■ **WHAT YOU SHOULD DO**:
With the pictures left out, retype exactly the lines below starting at the line that contains "中国好声音最有实力导师排名，每人都是王炸，这个排名你们认可吗" and ending at the line that contains "车、驾管业务考试复习题_第4页".

■ **DATA RECORDS**:
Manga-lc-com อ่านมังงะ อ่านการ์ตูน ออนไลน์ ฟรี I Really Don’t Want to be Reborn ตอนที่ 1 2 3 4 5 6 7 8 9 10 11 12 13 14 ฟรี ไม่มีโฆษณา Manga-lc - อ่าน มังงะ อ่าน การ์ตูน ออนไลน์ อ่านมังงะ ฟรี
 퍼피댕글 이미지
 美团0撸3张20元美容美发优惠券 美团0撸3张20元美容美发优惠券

* * *

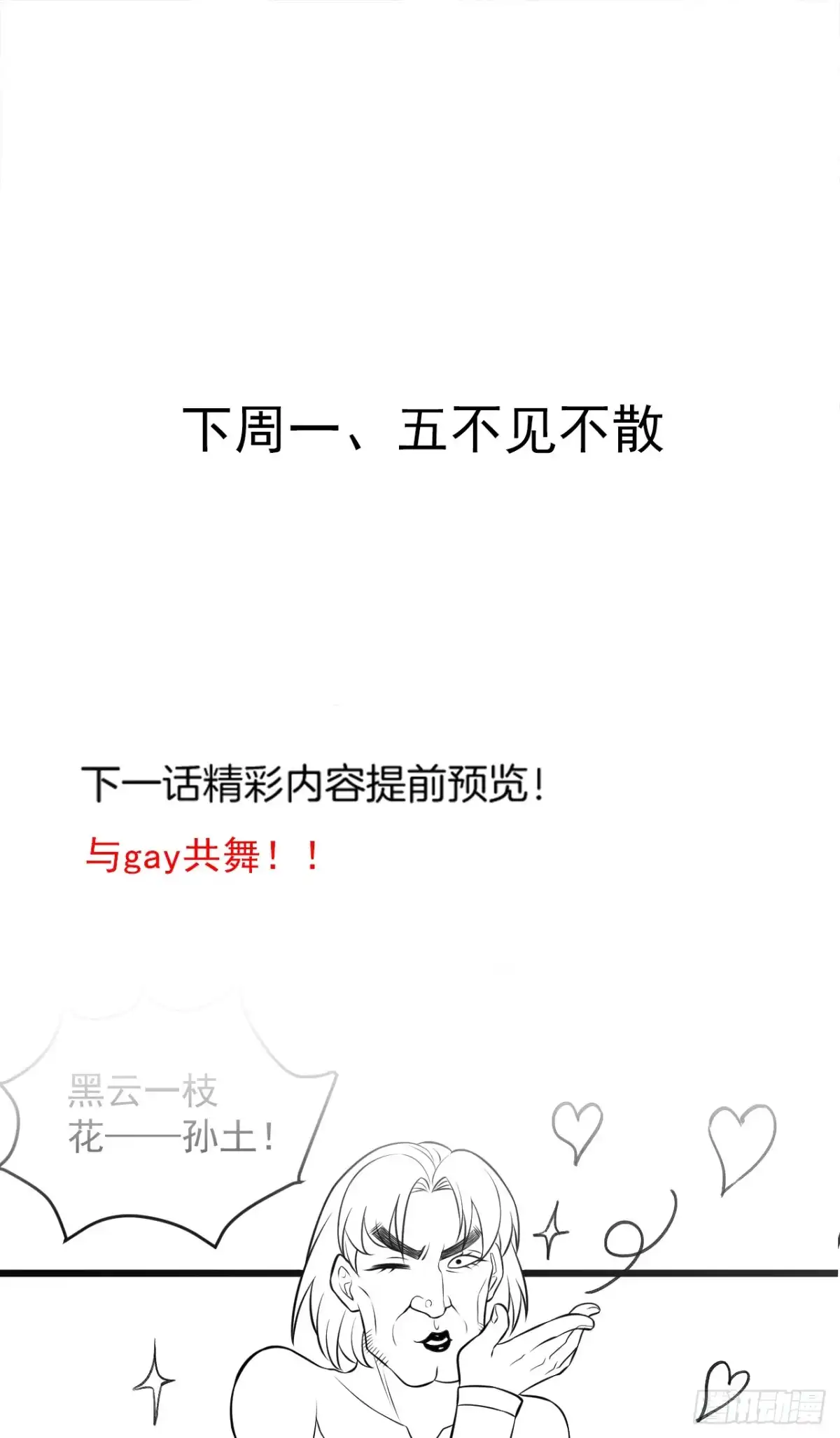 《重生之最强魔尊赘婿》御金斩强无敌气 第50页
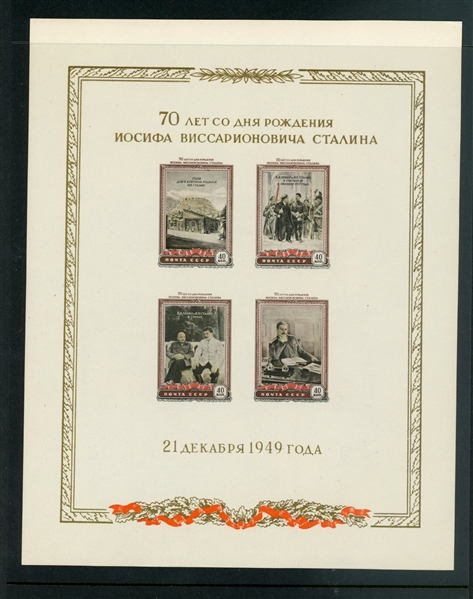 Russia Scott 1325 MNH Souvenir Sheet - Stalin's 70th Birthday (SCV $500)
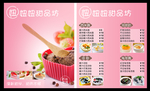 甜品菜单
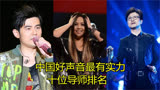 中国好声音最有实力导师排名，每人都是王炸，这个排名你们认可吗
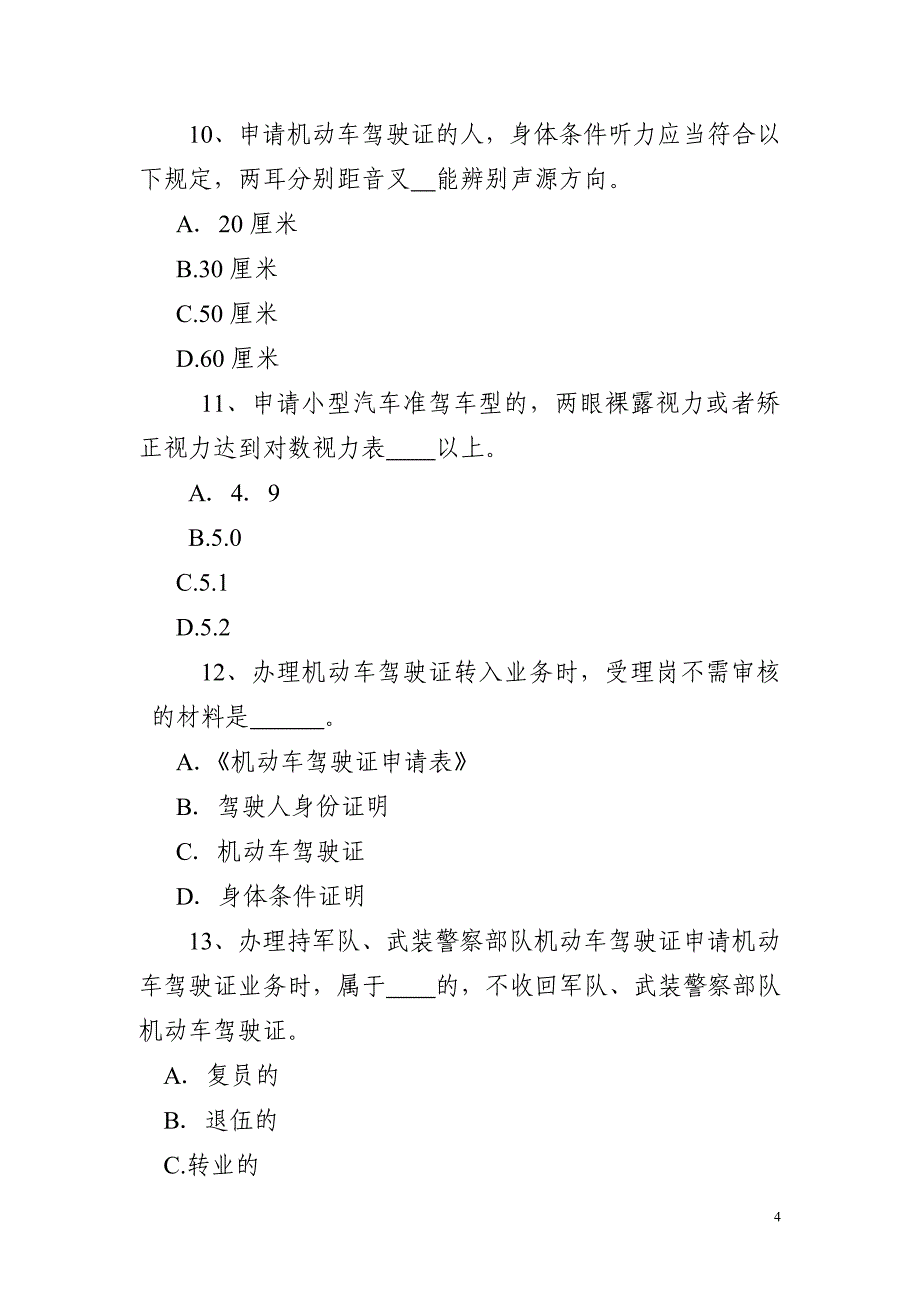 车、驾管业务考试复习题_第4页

==

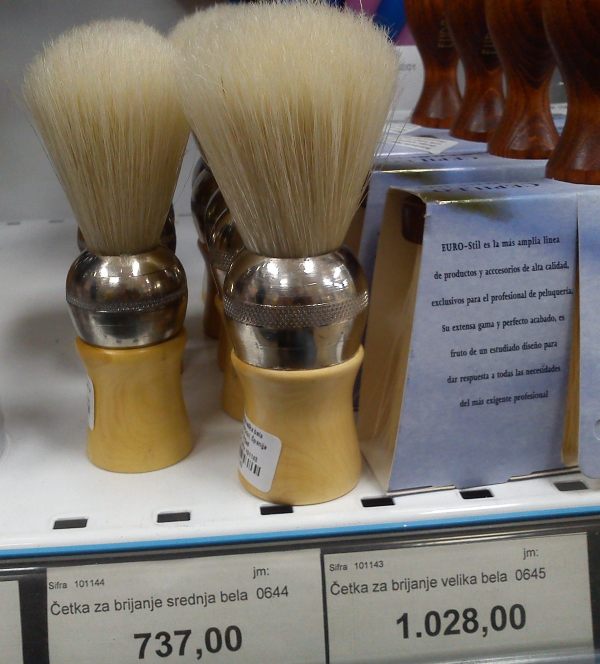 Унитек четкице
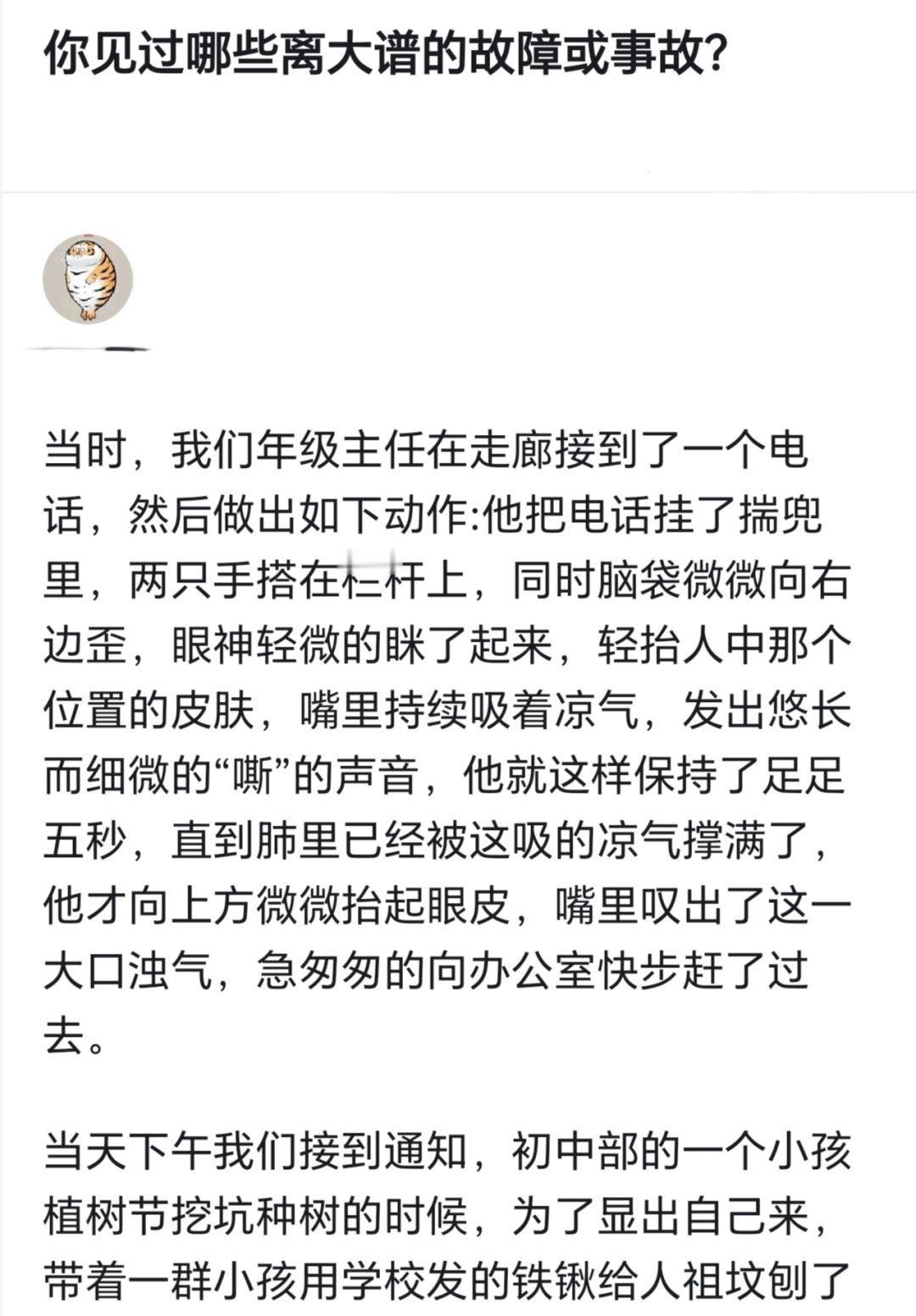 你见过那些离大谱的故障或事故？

■ **EXERCISE RESULT**:
 中国好声音最有实力导师排名，每人都是王炸，这个排名你们认可吗
 车、驾管业务考试复习题_第4页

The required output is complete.